▶ Study material
Segment Open
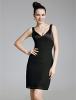 Sifon charmeuse kpeny / oszlop rvid / mini estlyi ruha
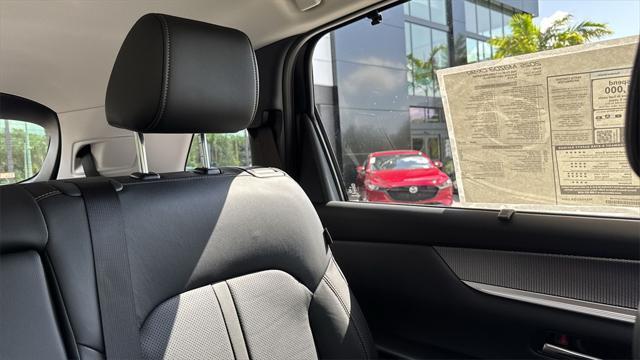 new 2025 Mazda CX-90 car, priced at $40,615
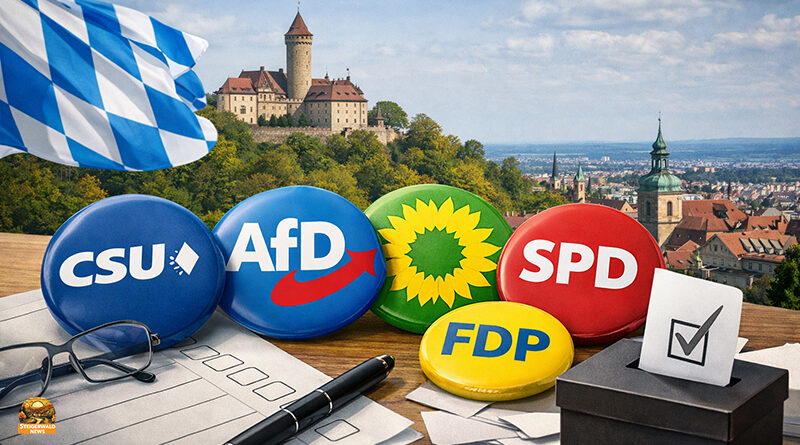 Kreistagswahl im Landkreis Bamberg - CSU bleibt vorn, AfD legt deutlich zu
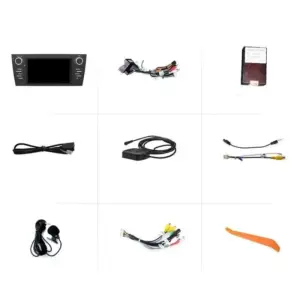 Autonavigacio.hu – Rádió navigáció BMW 3 E90 E91 E92 E93 Android Auto CarPlay – kép 7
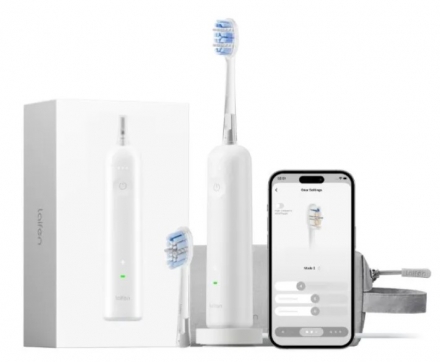 Зубная щетка Laifen Wave PRO Plastic White (1TB92-P-XX-WH-002)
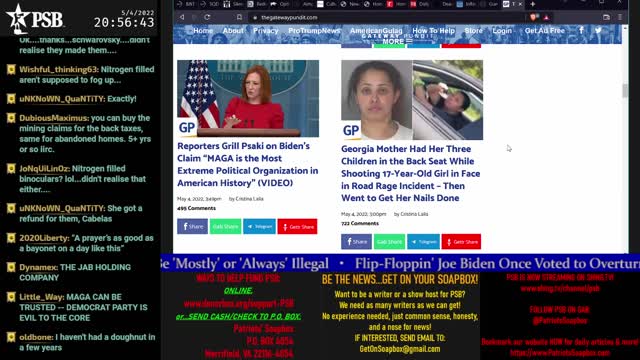 2022-05-04 20:00 EDT - Modern Day America: with LC Mac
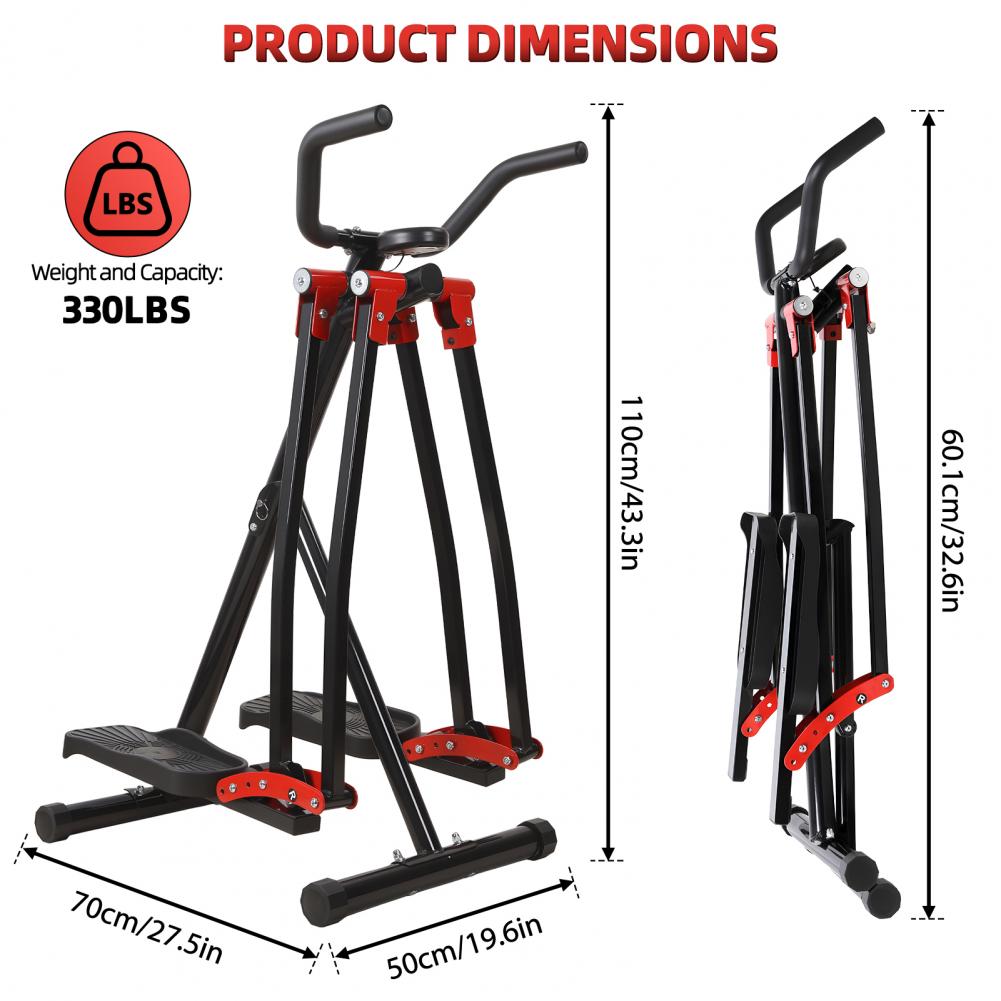 Máquina de Exercício Air Walk  - Leg Home Gym Workout avaliação e preço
Segment Closed
▶ Description of the task
Take the listing above and retype it exactly. Its pictures are to be omitted.

▶ Output
 Sifon charmeuse kpeny / oszlop rvid / mini estlyi ruha
 new 2025 Mazda CX-90 car, priced at $40,615
 Kreistagswahl im Landkreis Bamberg - CSU bleibt vorn, AfD legt deutlich zu
 Autonavigacio.hu – Rádió navigáció BMW 3 E90 E91 E92 E93 Android Auto CarPlay – kép 7
 Зубная щетка Laifen Wave PRO Plastic White (1TB92-P-XX-WH-002)
 2022-05-04 20:00 EDT - Modern Day America: with LC Mac
 Máquina de Exercício Air Walk  - Leg Home Gym Workout avaliação e preço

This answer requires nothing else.